The number of people aged 25 and over with a job fell by 6.7 percent between February and September, but there are stark differences by education level. The decline was 2.8 percent for those with a four-year college degree (about 43 percent of workers as of February), compared with 8.7 percent for the quarter of workers with a high school diploma and some college, 9.1 percent for the quarter of workers with a high school diploma but no college, and 13.8 percent for the 6 percent of workers with no high school diploma.

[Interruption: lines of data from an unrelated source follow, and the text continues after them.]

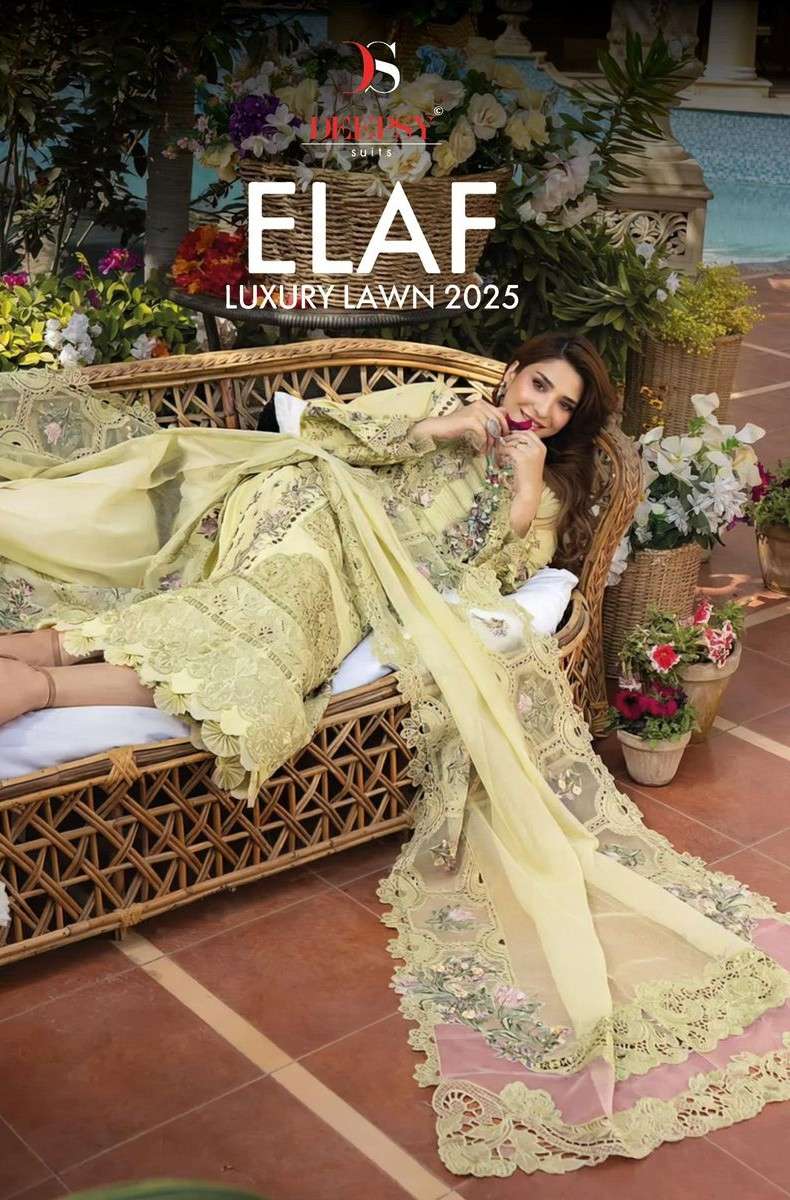 elaf luxury lawn-2025 by deepsy suit party wear embroidered cotton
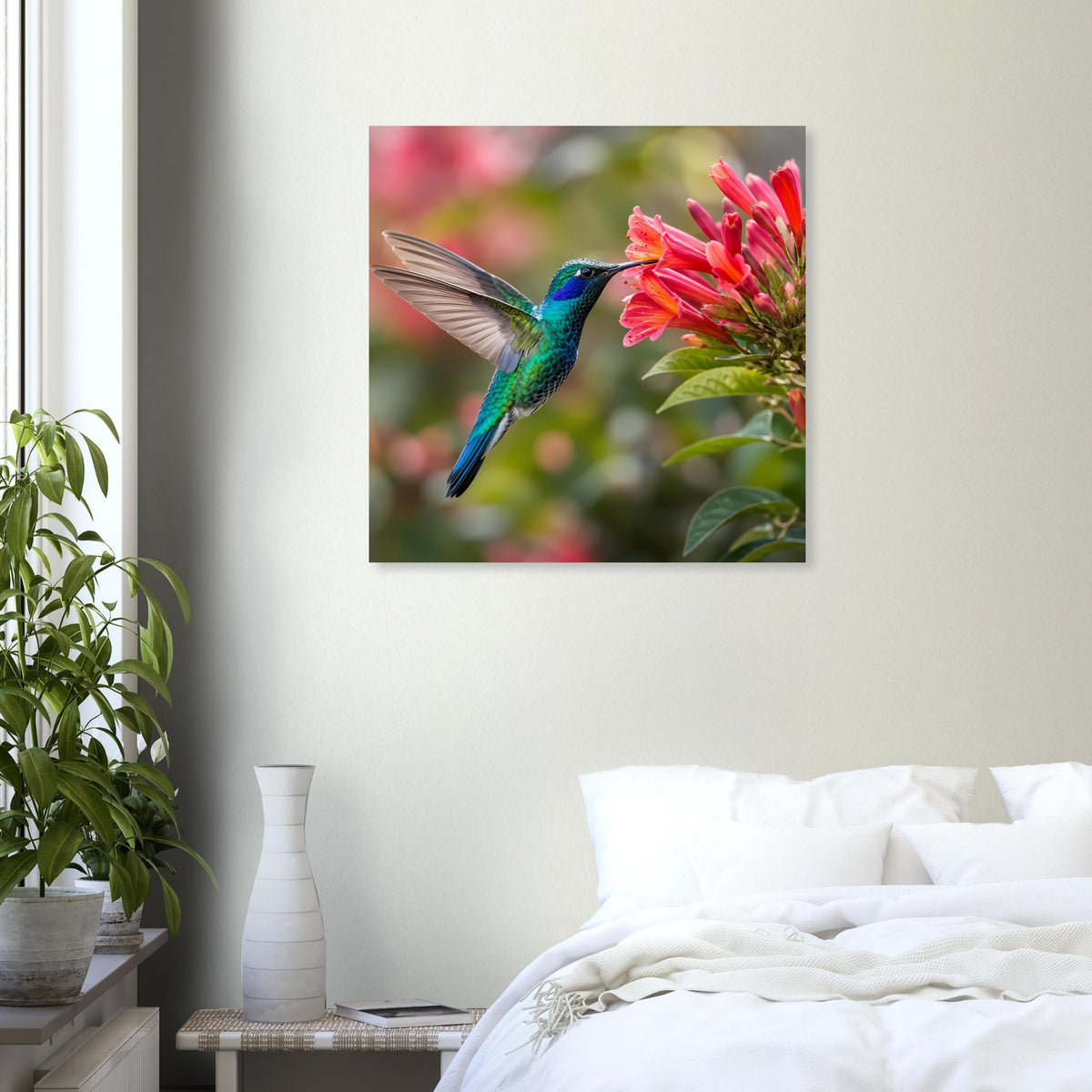 Gerahmtes Naturposter mit Kolibri am Blütenzweig und rosa Blüten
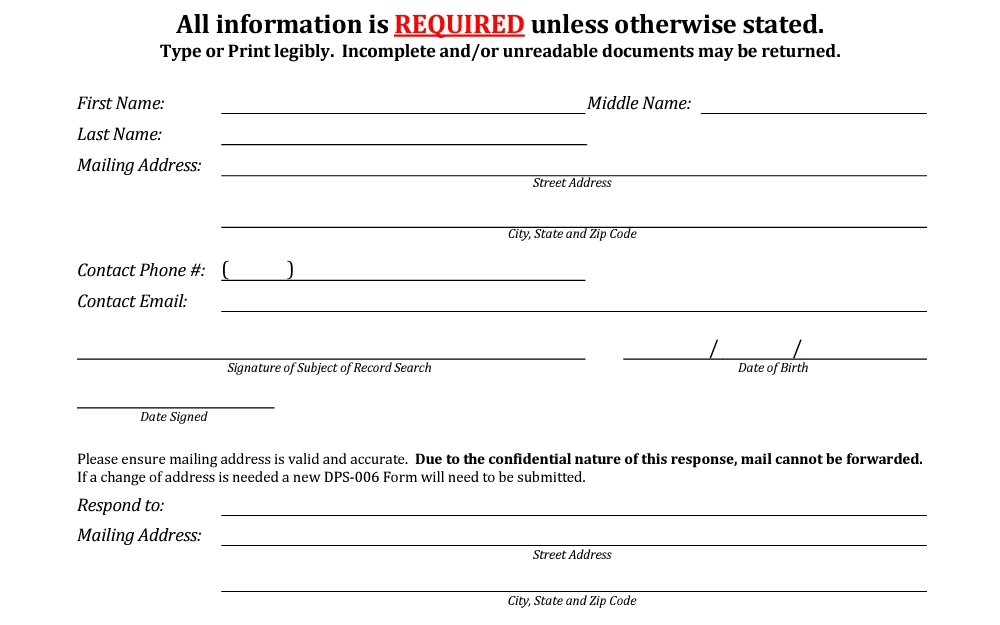 A screenshot of the criminal history request form to obtain criminal records through the Nevada State Police.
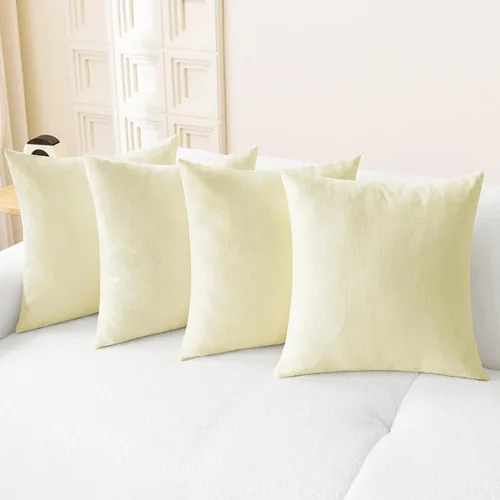 Vista 50 de CaliTime - Paquete de 2 fundas de almohada acogedoras para sofá, decoración del hogar, felpilla suave teñida sólida, 16 x 16 pulgadas, marrón Marrón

5. Unemployment was higher for Black and Hispanic workers than for white workers before the crisis hit and has risen more for them since then.

Although Black and Hispanic unemployment rates fell to historically low levels before the crisis, they exceeded the white rate even then. All rates rose sharply in the current recession and remained high in September, but the increase since February was larger for Black and Hispanic workers (6.3 and 5.9 percentage points, respectively) than for white workers (3.9 percentage points). Black and Hispanic workers also had a higher unemployment rate in September than white workers.

These patterns have endured in recessions and recoveries and are rooted in this nation’s history of structural racism, which curtails job opportunities for Black people through policies and practices such as unequal school funding, mass incarceration, and hiring discrimination. Black workers also tend to be “the last hired and first fired.” Higher Hispanic unemployment rates reflect many of the same barriers to opportunity.

6. The crisis also widened racial and ethnic disparities in the share of prime-age workers with a job.

The unemployment rate is an incomplete measure of joblessness because it only includes people who are actively looking for work (or laid off but subject to recall to their former jobs). It doesn’t include people who want a job but haven’t been looking due to the lack of job opportunities.

The prime-age employment-to-population ratio, which measures the share of the population aged 25-54 with a job, doesn’t have that shortcoming. It was lower for Black and Hispanic workers than for white workers when the recession started and has fallen more for them since then: by 7 percentage points for Black and Hispanic workers versus 5 percentage points for white workers.

With COVID-19 still not under control and labor market conditions still poor, additional well-designed relief measures — including restoring a federal supplement to unemployment benefits to allow unemployed workers to support their families — are vital to relieving hardship and promoting a strong recovery.